Cover Image: Yalda Hussaini, Looking For Freedom
Legal Status of Exiled Afghan Journalists and Artists in Turkey
Report Summary by Lawyer Adnan Onur Acar (Kite-Runner)
January 2025
I. Introduction
Afghanistan ranks 178th out of 180 countries in the 2024 RSF World Press Freedom Index. With media and artistic expression systematically repressed under Taliban rule, Afghan journalists and creatives are forced into exile. Turkey has become a key destination, yet these individuals face severe legal and bureaucratic barriers. The European Union is currently negotiating migration policies with the Turkish government. Afghan journalists and their legal status should be included in these discussions to ensure protection under international law.
This report, compiled by Kite Runner, highlights the challenges Afghan journalists and creatives face in Turkey and proposes urgent solutions, including advocacy through diplomatic channels such as the German and other European Embassies and the EU-Representative in Ankara.
II. Legal Barriers and Challenges
1. Fragile Residency and Protection Status
a. Residency permits are pending or arbitrarily rejected.
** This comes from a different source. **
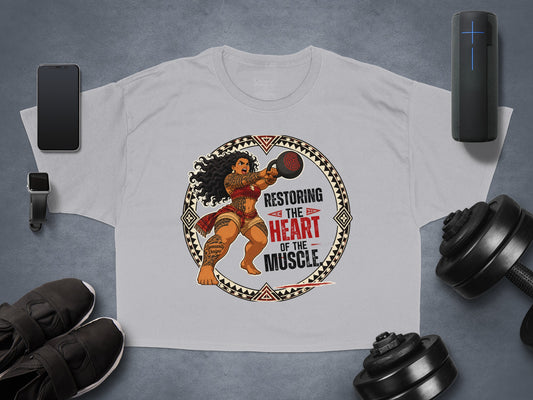 T-shirt with graphic of a muscular woman lifting a kettlebell, text "Restoring the heart of the muscle".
b. Applications for international protection are significantly limited.
c. Journalists face administrative detention, fear of deportation, and a lack of legal stability.
d. Many Afghan journalists and artists live in major Turkish cities like Istanbul, Ankara, Izmir, and Bursa, which have stopped accepting new asylum applications.
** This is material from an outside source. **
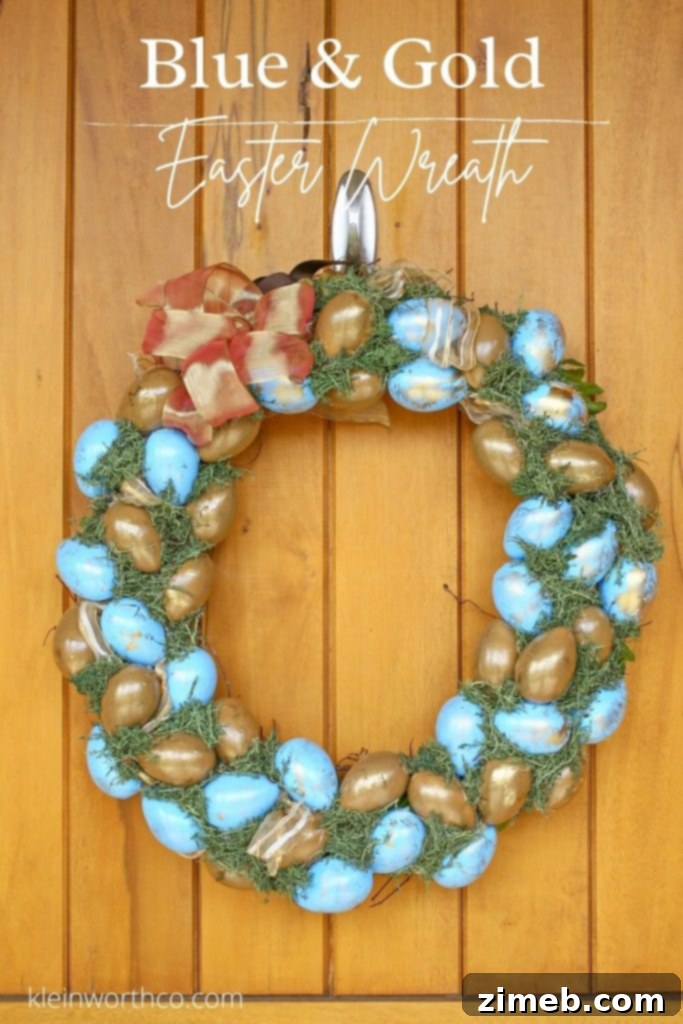 Elegant Blue and Gold Easter Wreath 2 A stunning blue and gold Easter wreath for your front door, featuring painted faux eggs and moss. Perfect DIY spring decor.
e. Deportation proceedings are frequently initiated against those without legal status, despite existing international protections.
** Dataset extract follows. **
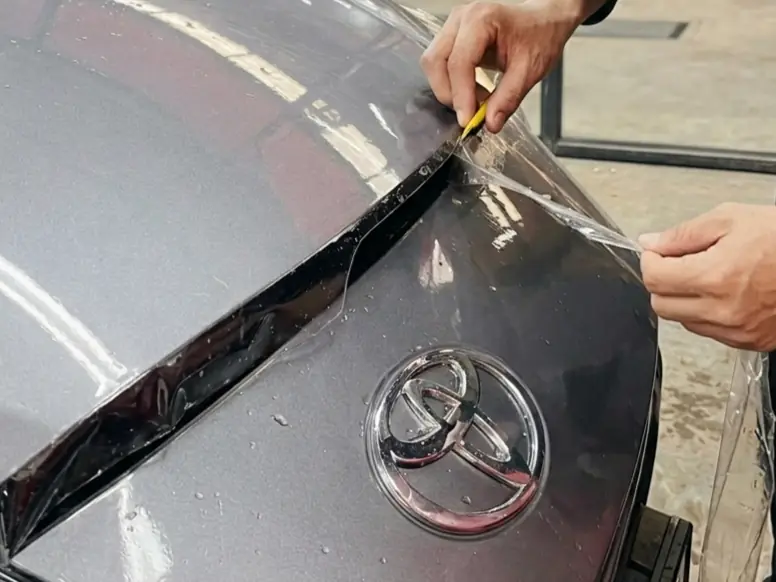 Paint protection film being trimmed on a car's bonnet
2. Arbitrary Legal Decisions and Implementation Gaps
a. The Foreigners and International Protection Law No. 6458 aligns with international law but is inconsistently applied.
b. The Directorate General of Migration Management exercises broad discretionary powers over deportations.
c. Deportation is often ruled unlawfully by courts. No Journalist got deported but the threat of deportation is pending.
d. Administrative detention can last up to 12 months, with limited chances of appeal.
3. Lack of Fundamental Rights and Access to Services
a. Afghan exiles lack diplomatic representation and consular support.
b. Those without legal status cannot access healthcare or legal remedies.
c. Afghan journalists working informally face exploitation, workplace accidents, and lack of medical care.
d. Unlike Syrian refugees, Afghans are not granted temporary protection status in Turkey.
e. Afghan consulates often refuse to provide passport renewals, worsening the legal limbo.
III. Case Studies
1. G.G.A., Journalist, Uzbek Pedia TV
a. Arrested in Istanbul on September 17, 2024, while awaiting an international protection renewal decision.
b. Wrongly accused of human trafficking due to association with a money transfer business.
c. -Released in December 2024, but remains in hiding due to uncertain legal status.
2. M.S., Journalist, Uzbek Pedia TV
a. Fled Afghanistan after his brother was killed due to mistaken identity.
b. Repeatedly denied residency and international protection applications.
c. Injured in a workplace accident; denied adequate medical care due to illegal status.
3. J.J., Amu TV, International Media
a. The residency permit expired in December 2024.
b. Leads the “Afghanistan Journalists Joint Committee in Exile” but cannot participate in public events due to the risk of detention.
c. Reports indicate increased police raids targeting undocumented foreigners.
IV. Precedent Case: Mohamed Bashir Atayee
• Arrested in Istanbul on July 23, 2022, for an expired visa.
• Court ruled deportation unlawful based on Turkish law and international human rights conventions.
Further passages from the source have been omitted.